# ACTION ITEM
Here the whole listing must be retyped exactly, with no line omitted.

──────

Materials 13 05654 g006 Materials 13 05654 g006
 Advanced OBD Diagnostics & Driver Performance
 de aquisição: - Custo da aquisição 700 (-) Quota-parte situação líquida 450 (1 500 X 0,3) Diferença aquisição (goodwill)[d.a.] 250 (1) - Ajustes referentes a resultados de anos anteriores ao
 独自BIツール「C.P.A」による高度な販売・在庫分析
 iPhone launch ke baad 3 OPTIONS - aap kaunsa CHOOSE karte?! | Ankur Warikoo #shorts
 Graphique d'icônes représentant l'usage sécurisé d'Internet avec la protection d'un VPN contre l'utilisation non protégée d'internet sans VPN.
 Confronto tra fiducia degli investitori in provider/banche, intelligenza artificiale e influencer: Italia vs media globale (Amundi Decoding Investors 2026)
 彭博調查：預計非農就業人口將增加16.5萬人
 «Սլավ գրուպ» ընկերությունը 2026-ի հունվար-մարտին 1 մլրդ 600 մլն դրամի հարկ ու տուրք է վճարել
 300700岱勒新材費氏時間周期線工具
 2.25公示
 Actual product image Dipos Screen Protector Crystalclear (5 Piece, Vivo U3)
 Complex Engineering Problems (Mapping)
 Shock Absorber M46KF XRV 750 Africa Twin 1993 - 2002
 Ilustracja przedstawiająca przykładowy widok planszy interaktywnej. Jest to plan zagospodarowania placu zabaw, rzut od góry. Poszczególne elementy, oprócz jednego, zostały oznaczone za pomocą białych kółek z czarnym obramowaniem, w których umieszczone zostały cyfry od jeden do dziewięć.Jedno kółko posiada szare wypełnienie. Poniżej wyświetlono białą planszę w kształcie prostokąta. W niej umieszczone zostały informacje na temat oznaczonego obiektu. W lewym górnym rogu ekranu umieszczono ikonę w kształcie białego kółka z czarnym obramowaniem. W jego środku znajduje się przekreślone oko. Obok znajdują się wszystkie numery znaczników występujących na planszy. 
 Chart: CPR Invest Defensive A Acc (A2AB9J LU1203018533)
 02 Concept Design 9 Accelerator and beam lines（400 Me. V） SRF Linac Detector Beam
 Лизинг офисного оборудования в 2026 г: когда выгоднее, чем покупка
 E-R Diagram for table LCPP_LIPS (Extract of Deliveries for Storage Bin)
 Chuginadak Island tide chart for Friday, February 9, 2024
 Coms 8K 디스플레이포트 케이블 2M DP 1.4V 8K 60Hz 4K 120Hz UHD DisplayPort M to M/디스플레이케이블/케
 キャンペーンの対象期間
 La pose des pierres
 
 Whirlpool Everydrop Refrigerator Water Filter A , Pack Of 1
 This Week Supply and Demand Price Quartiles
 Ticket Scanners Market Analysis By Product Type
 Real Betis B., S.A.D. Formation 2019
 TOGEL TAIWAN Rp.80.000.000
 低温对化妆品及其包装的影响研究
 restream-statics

──────

# TASK SOLUTION
Materials 13 05654 g006 Materials 13 05654 g006
 Advanced OBD Diagnostics & Driver Performance
 de aquisição: - Custo da aquisição 700 (-) Quota-parte situação líquida 450 (1 500 X 0,3) Diferença aquisição (goodwill)[d.a.] 250 (1) - Ajustes referentes a resultados de anos anteriores ao
 独自BIツール「C.P.A」による高度な販売・在庫分析
 iPhone launch ke baad 3 OPTIONS - aap kaunsa CHOOSE karte?! | Ankur Warikoo #shorts
 Graphique d'icônes représentant l'usage sécurisé d'Internet avec la protection d'un VPN contre l'utilisation non protégée d'internet sans VPN.
 Confronto tra fiducia degli investitori in provider/banche, intelligenza artificiale e influencer: Italia vs media globale (Amundi Decoding Investors 2026)
 彭博調查：預計非農就業人口將增加16.5萬人
 «Սլավ գրուպ» ընկերությունը 2026-ի հունվար-մարտին 1 մլրդ 600 մլն դրամի հարկ ու տուրք է վճարել
 300700岱勒新材費氏時間周期線工具
 2.25公示
 Actual product image Dipos Screen Protector Crystalclear (5 Piece, Vivo U3)
 Complex Engineering Problems (Mapping)
 Shock Absorber M46KF XRV 750 Africa Twin 1993 - 2002
 Ilustracja przedstawiająca przykładowy widok planszy interaktywnej. Jest to plan zagospodarowania placu zabaw, rzut od góry. Poszczególne elementy, oprócz jednego, zostały oznaczone za pomocą białych kółek z czarnym obramowaniem, w których umieszczone zostały cyfry od jeden do dziewięć.Jedno kółko posiada szare wypełnienie. Poniżej wyświetlono białą planszę w kształcie prostokąta. W niej umieszczone zostały informacje na temat oznaczonego obiektu. W lewym górnym rogu ekranu umieszczono ikonę w kształcie białego kółka z czarnym obramowaniem. W jego środku znajduje się przekreślone oko. Obok znajdują się wszystkie numery znaczników występujących na planszy. 
 Chart: CPR Invest Defensive A Acc (A2AB9J LU1203018533)
 02 Concept Design 9 Accelerator and beam lines（400 Me. V） SRF Linac Detector Beam
 Лизинг офисного оборудования в 2026 г: когда выгоднее, чем покупка
 E-R Diagram for table LCPP_LIPS (Extract of Deliveries for Storage Bin)
 Chuginadak Island tide chart for Friday, February 9, 2024
 Coms 8K 디스플레이포트 케이블 2M DP 1.4V 8K 60Hz 4K 120Hz UHD DisplayPort M to M/디스플레이케이블/케
 キャンペーンの対象期間
 La pose des pierres
 
 Whirlpool Everydrop Refrigerator Water Filter A , Pack Of 1
 This Week Supply and Demand Price Quartiles
 Ticket Scanners Market Analysis By Product Type
 Real Betis B., S.A.D. Formation 2019
 TOGEL TAIWAN Rp.80.000.000
 低温对化妆品及其包装的影响研究
 restream-statics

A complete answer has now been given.